Democrats are absolutely frozen in place and paralyzed over the success of Mr. Trump’s economic policies: supply-side tax cuts, deregulation, drill, baby, drill, and free and fair reciprocal trade.

As the numbers come rolling in, and as team Trump markets them, the midterm election outlook looks rosier and rosier for the GOP.

Treasury man Scott Bessent, speaking at the Minnesota Economic Club (is the Minnesota Economic Club an oxymoron?), reminded folks about the wage and productivity, and growth benefits of full expensing for factories, equipment, and farm structures.

Capital expenditure business investment spending is running plus 12 percent through the first three quarters of last year, but not even he seems to apply the positives of falling oil prices that permeate the entire economy.

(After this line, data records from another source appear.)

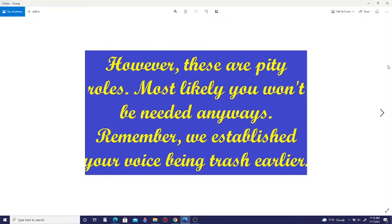However, these are pity roles. Most likely, you won't be needed anyways. Remember, we established your voice being trash earlier.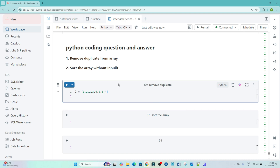Hello everyone. We will continue our data engineer interview preparation series. In this particular video we are going to solve two questions which were recently asked in interviews. These are Python coding related questions. The first question is to remove duplicates from an array or list. The second question is to sort an array without using an inbuilt function.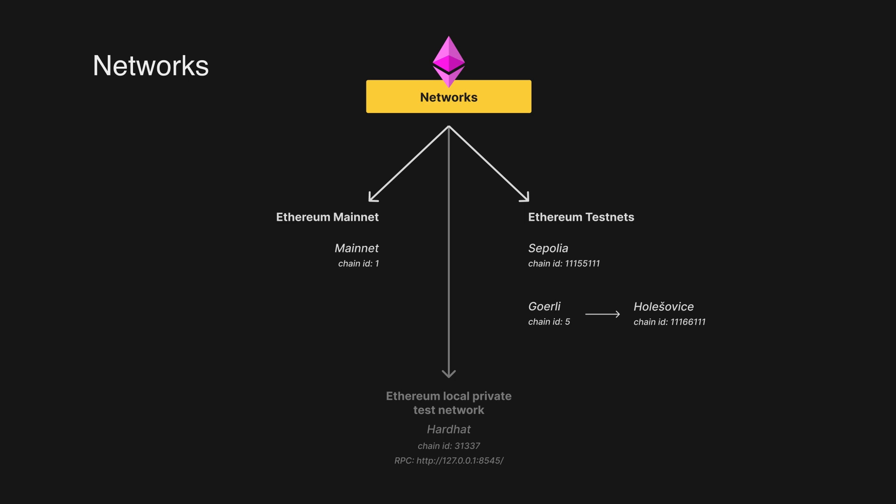So now let's go ahead and add the Goerli network, and we might as well add the Sepolia as well on MetaMask.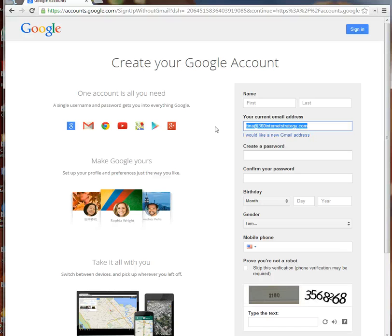If you have multiple Google accounts—like in my case, I have several Gmail accounts and this Google account with my business address—if somebody shares a document to 360 Internet Strategy but I'm logged in as one of my other Gmail accounts, I won't be able to access the document.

There are going to be some negative CPI prints coming up. That’s how important energy is. It’s not just gasoline, although that’s softening. It’s hundreds of other prices affected by falling petroleum costs.

And meanwhile, initial jobless claims keep declining on the four-week average, the trade deficit in October fell by way more than expected.

And here is Mr. Trump and his, “drill, baby, drill” purging communism from the Western Hemisphere in the Trump corollary to the Monroe Doctrine. And shifting the nexus of oil power from the Persian Gulf to the Americas, right where it belongs.

From Mr. Kudlow’s broadcast on Fox Business Network.